More information about the service specification can be found in the Core concepts > Service documentation.

This service uses Hugging Face's inference API to query text-to-audio AI models.

You can choose from any model available on the inference API from the Hugging Face Hub that takes a text(JSON) as input and outputs audio.

It must have the following JSON input structure:

1
2
3
{
    "inputs" : "your input text"
}

This service takes two input files:

  • A JSON file that defines the model you want to use and your access token.
  • A text file.

json example:

1
2
3
4
{
    "api_token": "your_token",
    "api_url": "https://api-inference.huggingface.co/models/facebook/musicgen-small"
}

This model example is a text-to-music model capable of generating music samples conditioned on text descriptions.

input_text example:

liquid drum and bass, atmospheric synths, airy sounds

This service creates the JSON payload from the input text and queries the given model. The generated audio is returned in the Ogg format.

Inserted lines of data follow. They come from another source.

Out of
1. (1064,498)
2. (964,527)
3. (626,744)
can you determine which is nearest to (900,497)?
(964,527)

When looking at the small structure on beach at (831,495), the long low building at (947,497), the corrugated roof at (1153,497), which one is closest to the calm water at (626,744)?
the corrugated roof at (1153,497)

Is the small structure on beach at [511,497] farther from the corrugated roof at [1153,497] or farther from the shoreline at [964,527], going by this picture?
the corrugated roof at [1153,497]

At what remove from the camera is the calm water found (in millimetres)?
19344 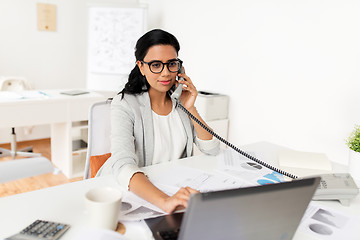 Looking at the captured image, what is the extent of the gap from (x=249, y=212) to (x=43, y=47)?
160 inches

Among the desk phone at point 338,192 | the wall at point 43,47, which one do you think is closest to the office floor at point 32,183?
the wall at point 43,47

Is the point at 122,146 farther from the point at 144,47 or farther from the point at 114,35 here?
the point at 114,35

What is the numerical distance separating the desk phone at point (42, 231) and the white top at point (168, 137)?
675 millimetres

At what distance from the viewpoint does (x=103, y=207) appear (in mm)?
796

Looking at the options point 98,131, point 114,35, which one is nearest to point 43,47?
point 114,35

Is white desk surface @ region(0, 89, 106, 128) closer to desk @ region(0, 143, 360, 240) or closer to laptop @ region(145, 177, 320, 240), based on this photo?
desk @ region(0, 143, 360, 240)

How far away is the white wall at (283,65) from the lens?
2373 millimetres

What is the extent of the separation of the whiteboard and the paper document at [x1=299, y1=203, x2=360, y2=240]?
127 inches

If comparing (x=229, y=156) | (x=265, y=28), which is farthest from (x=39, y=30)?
(x=229, y=156)

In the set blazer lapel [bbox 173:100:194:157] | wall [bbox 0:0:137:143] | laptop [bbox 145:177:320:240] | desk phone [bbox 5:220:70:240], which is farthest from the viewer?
wall [bbox 0:0:137:143]

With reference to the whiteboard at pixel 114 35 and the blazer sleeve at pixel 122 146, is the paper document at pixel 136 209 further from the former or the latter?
the whiteboard at pixel 114 35

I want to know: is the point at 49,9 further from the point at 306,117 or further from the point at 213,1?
the point at 306,117

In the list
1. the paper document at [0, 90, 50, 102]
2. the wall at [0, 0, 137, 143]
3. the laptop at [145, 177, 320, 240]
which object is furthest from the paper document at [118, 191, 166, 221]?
the wall at [0, 0, 137, 143]

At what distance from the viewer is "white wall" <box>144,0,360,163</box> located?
2.37 m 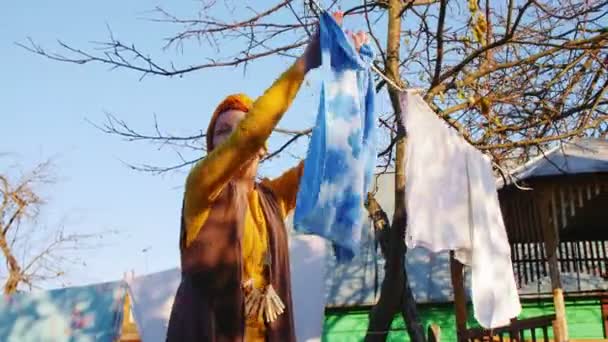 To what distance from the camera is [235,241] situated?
87.8 inches

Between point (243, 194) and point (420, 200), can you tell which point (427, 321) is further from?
point (243, 194)

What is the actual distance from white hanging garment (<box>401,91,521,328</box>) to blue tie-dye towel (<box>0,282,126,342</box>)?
13.3 feet

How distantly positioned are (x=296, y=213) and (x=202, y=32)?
207 inches

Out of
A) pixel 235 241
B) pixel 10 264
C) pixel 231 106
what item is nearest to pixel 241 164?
pixel 235 241

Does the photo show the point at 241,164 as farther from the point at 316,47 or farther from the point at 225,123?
the point at 316,47

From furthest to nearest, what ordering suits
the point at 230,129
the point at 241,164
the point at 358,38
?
the point at 358,38 < the point at 230,129 < the point at 241,164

The API documentation for this service is automatically generated by FastAPI using the OpenAPI standard. A user-friendly interface provided by Swagger is available under the /docs route, where the endpoints of the service are described.

Environment variables

Check the Core concepts > Service > Environment variables documentation for more details.

Run the tests with Python

Check the Core concepts > Service > Run the tests with Python documentation for more details.

Start the service locally

Check the Core concepts > Service > Start the service locally documentation for more details.